TASK: The full listing, exactly as written and with no images, is the expected output.

DATA:
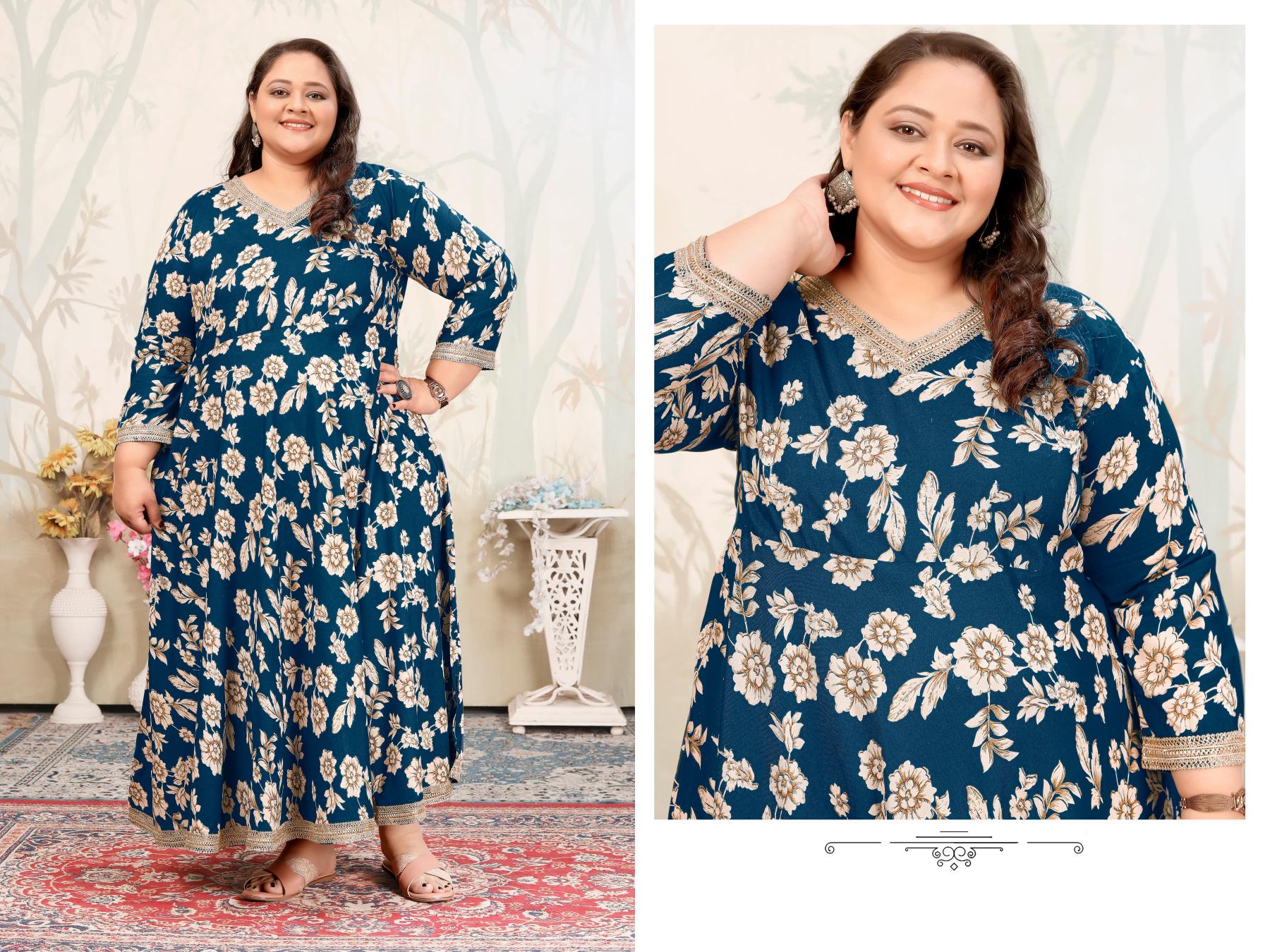 Moksh Plus Size Joy Vol-1 Wholesale Reyon Export Quality Kurtis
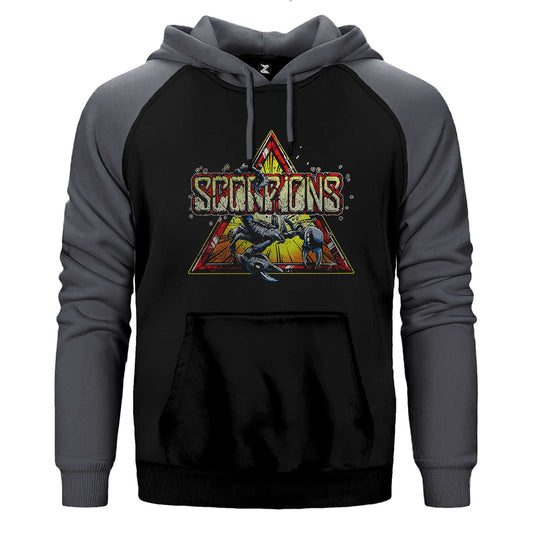 Scorpions Triangle Çift Renk / Parçalı Reglan Kol Sweatshirt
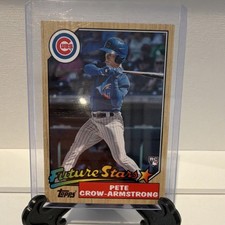 Topps 2022 Chicago Cubs Future Stars Rookie Pete Crow-Armstrong #12 Trading Card. rookie card picture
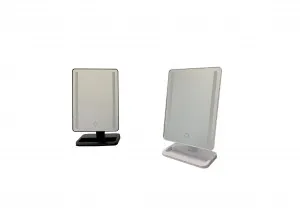 Monna LED Makeup Mirror - Available in Black or White White by Luxe Mirrors, a Shaving Cabinets for sale on Style Sourcebook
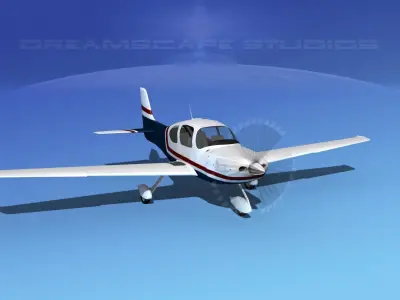 Cirrus SR22 V03 3D model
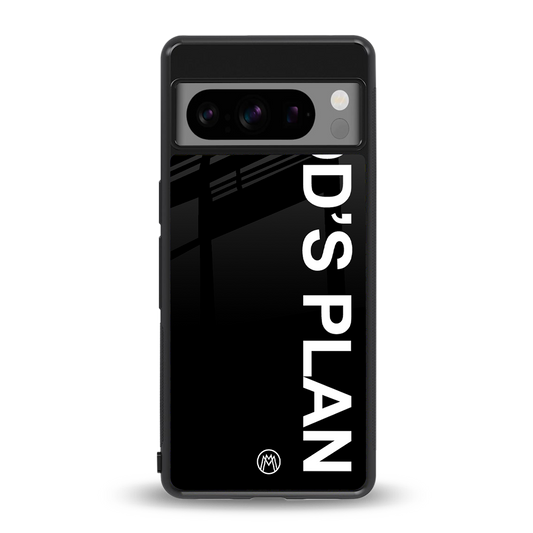 god's plan back phone cover | glass case for google pixel 8 pro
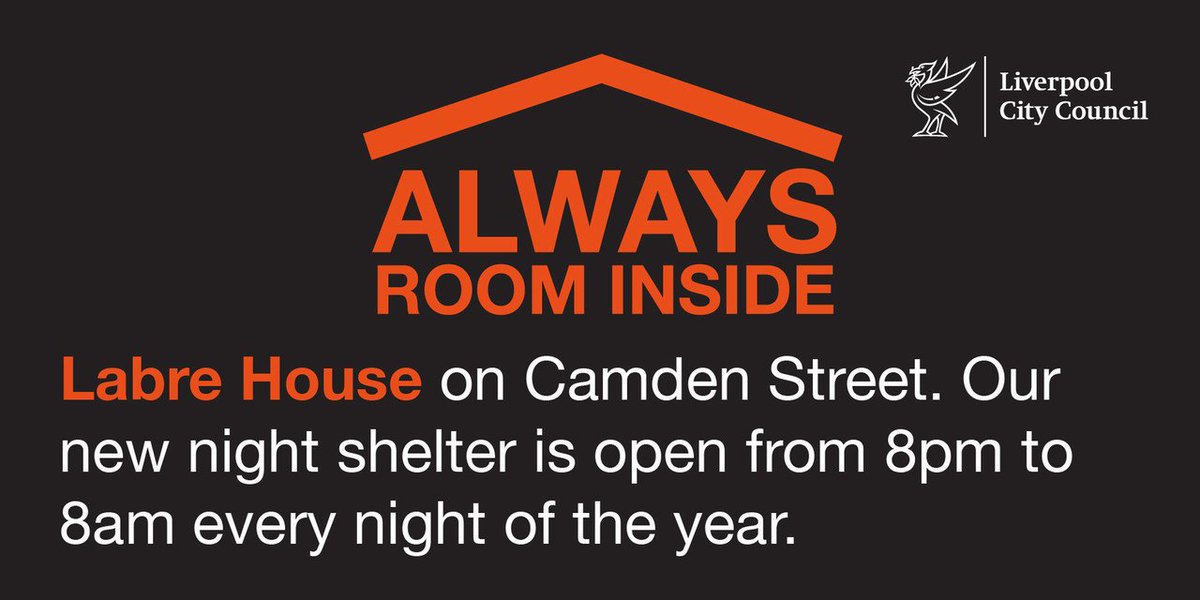 CllrNickSmall's tweet photo. In Liverpool we spend £12m tackling and preventing homelessness.  Our homeless shelter Labre House means no one has to sleep on the streets as there's #AlwaysRoomInside.  The right to a decent home should be recognised as a basic human right. #WorldHomelessnessDay #HousingDay18 https://t.co/xirAsu1PQG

RESPONSE AREA:
 Moksh Plus Size Joy Vol-1 Wholesale Reyon Export Quality Kurtis
 Scorpions Triangle Çift Renk / Parçalı Reglan Kol Sweatshirt
 Topps 2022 Chicago Cubs Future Stars Rookie Pete Crow-Armstrong #12 Trading Card. rookie card picture
 Monna LED Makeup Mirror - Available in Black or White White by Luxe Mirrors, a Shaving Cabinets for sale on Style Sourcebook
 Cirrus SR22 V03 3D model
 god's plan back phone cover | glass case for google pixel 8 pro
 CllrNickSmall's tweet photo. In Liverpool we spend £12m tackling and preventing homelessness.  Our homeless shelter Labre House means no one has to sleep on the streets as there's #AlwaysRoomInside.  The right to a decent home should be recognised as a basic human right. #WorldHomelessnessDay #HousingDay18 https://t.co/xirAsu1PQG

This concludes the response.